Regularly peruse Yik Yak, an anonymous, location-based app similar to Twitter, and you’ll see the same concern appear every few weeks: what if Yik Yak was to disclose its users’ names? The assumption of anonymity allows people to feel comfortable in posting personal/offensive comments, and revealing the users’ names would be perceived as a massive invasion of privacy.
As traumatizing as it would be to a Yik Yak user to have the whole campus know what he said about last weekend’s hookup or to be revealed as a closet racist, there are a lot more serious repercussions that could occur from a sudden reversal of anonymity.
For people who rely on anonymity-based software such as TOR, a lot could be resting on the ability to remain nameless. For example, victims of domestic abuse or stalking can use TOR to remain untraceable to their abusers, and the reversal of their anonymity has very real danger. That danger is becoming more apparent with the attacks launched at TOR by hacker group Lizard Squad. By coordinating large-scale takeovers of the software, Lizard Squad can eavesdrop on users who think that their activity is untraceable.
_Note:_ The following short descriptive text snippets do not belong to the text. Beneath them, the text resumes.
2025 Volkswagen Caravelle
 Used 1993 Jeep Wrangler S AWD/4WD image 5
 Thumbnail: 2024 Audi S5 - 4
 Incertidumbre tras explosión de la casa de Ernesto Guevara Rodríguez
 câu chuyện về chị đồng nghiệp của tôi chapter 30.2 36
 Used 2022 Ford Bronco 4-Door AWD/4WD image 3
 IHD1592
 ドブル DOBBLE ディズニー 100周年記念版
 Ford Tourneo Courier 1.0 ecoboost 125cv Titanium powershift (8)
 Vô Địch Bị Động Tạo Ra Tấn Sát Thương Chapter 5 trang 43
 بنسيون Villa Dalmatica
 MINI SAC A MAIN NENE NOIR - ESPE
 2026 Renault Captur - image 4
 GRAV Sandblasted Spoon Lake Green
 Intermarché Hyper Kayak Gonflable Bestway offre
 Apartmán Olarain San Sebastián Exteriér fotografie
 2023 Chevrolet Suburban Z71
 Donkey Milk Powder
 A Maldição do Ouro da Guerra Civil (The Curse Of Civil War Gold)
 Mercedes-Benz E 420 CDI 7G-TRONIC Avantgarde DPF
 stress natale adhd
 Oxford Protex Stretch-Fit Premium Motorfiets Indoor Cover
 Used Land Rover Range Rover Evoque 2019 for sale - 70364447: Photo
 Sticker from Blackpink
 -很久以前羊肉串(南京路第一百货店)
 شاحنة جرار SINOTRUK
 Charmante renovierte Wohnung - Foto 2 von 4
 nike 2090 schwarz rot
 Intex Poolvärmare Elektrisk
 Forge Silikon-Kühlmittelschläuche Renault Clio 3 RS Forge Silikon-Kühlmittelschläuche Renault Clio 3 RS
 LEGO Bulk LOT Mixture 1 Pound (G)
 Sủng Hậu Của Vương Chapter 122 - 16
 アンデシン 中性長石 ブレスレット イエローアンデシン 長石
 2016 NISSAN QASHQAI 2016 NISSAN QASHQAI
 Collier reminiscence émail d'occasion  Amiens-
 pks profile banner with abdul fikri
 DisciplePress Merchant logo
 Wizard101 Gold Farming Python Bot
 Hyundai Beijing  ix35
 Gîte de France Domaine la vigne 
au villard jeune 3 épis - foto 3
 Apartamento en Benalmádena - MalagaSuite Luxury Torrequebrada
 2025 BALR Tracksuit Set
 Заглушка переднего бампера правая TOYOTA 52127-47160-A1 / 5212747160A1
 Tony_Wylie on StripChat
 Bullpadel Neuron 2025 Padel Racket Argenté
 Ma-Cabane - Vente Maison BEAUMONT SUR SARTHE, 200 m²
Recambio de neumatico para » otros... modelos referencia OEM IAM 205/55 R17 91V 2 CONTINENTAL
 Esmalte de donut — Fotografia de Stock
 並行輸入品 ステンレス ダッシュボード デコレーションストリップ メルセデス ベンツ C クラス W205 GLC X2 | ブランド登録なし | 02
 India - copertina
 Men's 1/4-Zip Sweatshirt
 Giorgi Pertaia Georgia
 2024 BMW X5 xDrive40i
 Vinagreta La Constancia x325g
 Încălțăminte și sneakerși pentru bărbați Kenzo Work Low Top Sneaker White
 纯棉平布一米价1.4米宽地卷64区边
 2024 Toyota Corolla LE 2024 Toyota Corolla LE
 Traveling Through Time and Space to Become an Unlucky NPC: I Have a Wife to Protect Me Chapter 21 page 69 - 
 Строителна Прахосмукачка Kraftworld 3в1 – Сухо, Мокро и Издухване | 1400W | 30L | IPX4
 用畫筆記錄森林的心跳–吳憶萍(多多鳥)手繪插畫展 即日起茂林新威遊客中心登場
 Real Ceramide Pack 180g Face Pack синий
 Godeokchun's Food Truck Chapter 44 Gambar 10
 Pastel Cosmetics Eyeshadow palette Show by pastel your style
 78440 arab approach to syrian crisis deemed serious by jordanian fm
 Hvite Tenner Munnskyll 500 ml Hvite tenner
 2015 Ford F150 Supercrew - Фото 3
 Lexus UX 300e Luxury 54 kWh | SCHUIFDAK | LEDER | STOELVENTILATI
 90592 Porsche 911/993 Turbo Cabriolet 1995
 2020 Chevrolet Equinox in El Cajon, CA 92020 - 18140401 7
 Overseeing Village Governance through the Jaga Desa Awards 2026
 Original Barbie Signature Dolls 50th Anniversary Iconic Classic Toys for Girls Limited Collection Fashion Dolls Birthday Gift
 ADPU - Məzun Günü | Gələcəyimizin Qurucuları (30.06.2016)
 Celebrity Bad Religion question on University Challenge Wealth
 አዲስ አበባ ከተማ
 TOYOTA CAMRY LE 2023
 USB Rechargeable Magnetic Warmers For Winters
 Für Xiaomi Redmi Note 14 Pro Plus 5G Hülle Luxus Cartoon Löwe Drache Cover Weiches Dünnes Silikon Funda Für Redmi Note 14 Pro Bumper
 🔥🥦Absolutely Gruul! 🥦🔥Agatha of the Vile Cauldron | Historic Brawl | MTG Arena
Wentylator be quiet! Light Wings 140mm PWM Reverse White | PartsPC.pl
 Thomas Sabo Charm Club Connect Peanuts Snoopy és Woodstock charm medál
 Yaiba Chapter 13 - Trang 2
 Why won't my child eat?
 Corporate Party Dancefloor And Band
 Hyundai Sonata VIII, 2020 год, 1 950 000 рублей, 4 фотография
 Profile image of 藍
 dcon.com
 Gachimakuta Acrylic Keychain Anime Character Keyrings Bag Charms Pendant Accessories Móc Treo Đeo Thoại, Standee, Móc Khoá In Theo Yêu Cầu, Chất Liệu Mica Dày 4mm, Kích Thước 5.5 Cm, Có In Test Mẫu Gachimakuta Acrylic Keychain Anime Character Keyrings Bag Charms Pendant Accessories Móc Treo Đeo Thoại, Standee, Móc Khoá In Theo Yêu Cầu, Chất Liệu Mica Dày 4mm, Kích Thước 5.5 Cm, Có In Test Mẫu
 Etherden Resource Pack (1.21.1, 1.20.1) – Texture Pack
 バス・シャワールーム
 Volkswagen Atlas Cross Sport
The right to anonymity is hotly contested, with some people considering it to be a necessary part of interactions on the internet and others considering it to have a dangerous lack of accountability. But perhaps the question shouldn’t be if anonymity is a good or bad thing, but if it exists at all. With every move on the internet, even the ones that appear to be secret, able to be tracked by those smart enough to do so, it may be unwise to assume that anything on the internet is anonymous.